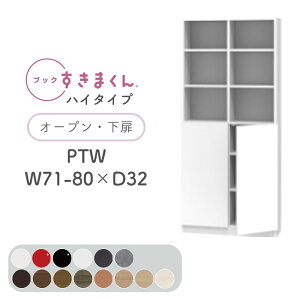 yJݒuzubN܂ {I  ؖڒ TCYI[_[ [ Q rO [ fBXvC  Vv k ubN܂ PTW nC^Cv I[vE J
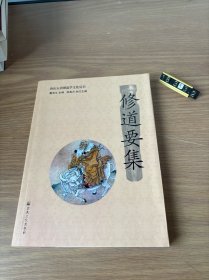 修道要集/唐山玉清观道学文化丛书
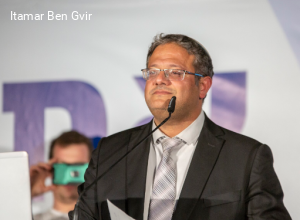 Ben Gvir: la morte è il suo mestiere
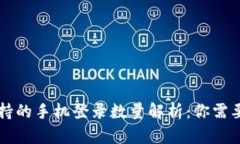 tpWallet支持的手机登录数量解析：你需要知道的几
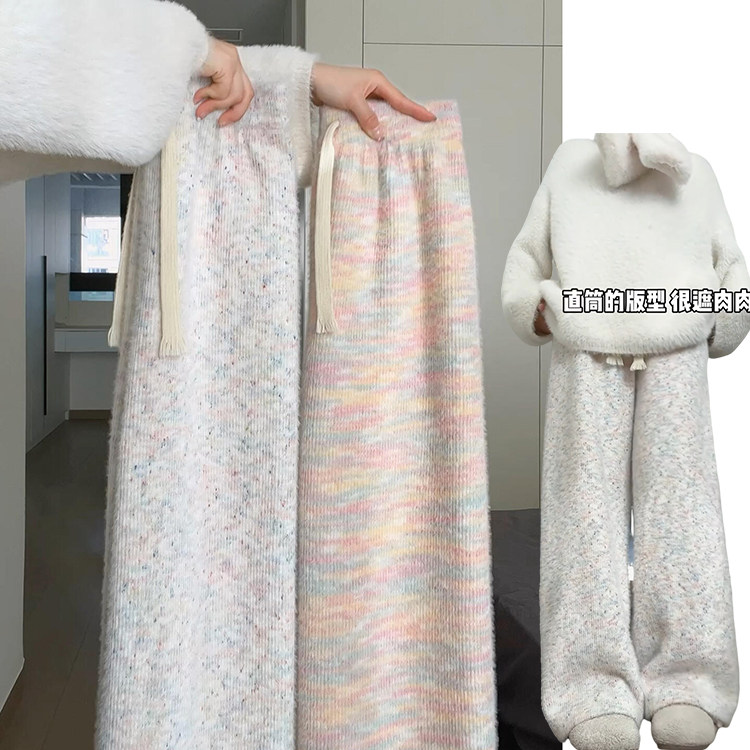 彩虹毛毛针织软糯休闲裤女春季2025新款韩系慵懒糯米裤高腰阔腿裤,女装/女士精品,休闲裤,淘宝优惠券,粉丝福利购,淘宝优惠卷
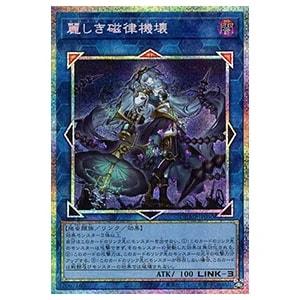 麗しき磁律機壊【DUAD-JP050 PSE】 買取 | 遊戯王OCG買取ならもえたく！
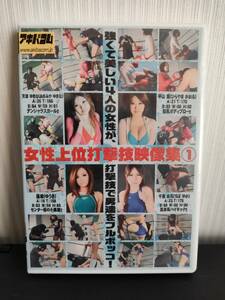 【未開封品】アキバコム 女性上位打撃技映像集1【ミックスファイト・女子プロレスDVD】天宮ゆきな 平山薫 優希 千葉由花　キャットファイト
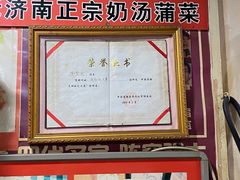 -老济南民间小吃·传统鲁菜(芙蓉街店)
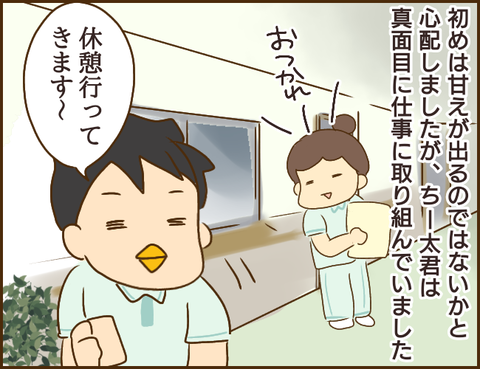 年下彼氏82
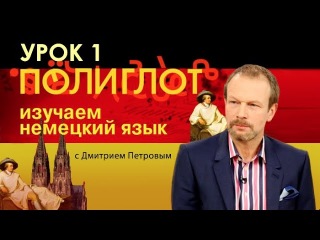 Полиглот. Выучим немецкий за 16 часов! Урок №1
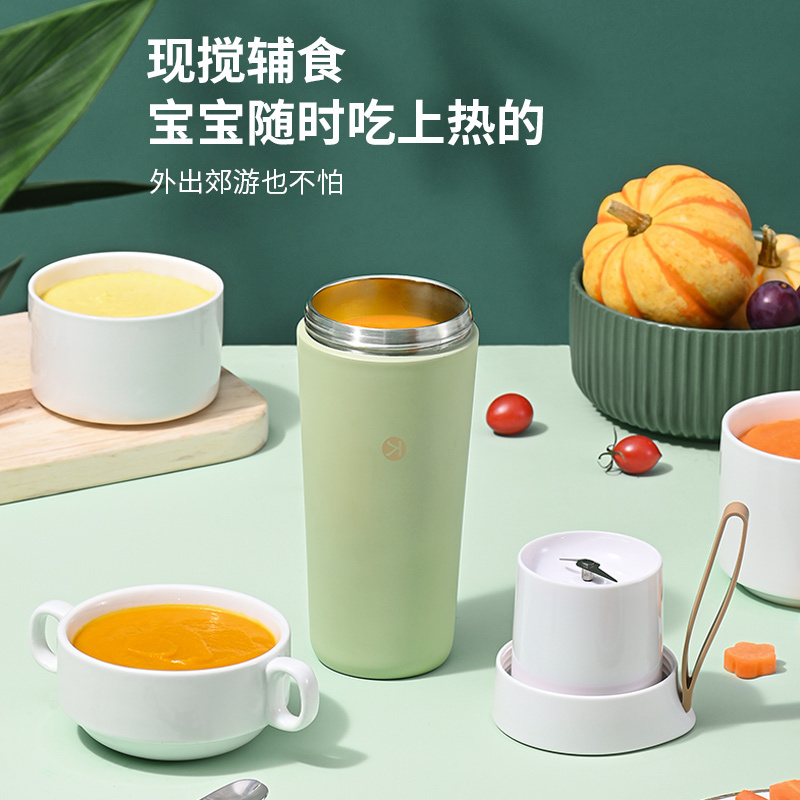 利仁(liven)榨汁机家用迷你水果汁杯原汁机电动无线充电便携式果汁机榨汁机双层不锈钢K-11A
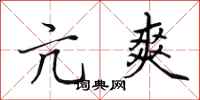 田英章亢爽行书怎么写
== == ==
● **About this exercise**: Pictures excluded, repeat the material above from its first line through the line containing "麗しき磁律機壊【DUAD-JP050 PSE】 買取 | 遊戯王OCG買取ならもえたく！", both included.

● **Reply to the task**:
 yJݒuzubN܂ {I  ؖڒ TCYI[_[ [ Q rO [ fBXvC  Vv k ubN܂ PTW nC^Cv I[vE J
 修道要集/唐山玉清观道学文化丛书
 Ben Gvir: la morte è il suo mestiere
 tpWallet支持的手机登录数量解析：你需要知道的几
 彩虹毛毛针织软糯休闲裤女春季2025新款韩系慵懒糯米裤高腰阔腿裤,女装/女士精品,休闲裤,淘宝优惠券,粉丝福利购,淘宝优惠卷
 麗しき磁律機壊【DUAD-JP050 PSE】 買取 | 遊戯王OCG買取ならもえたく！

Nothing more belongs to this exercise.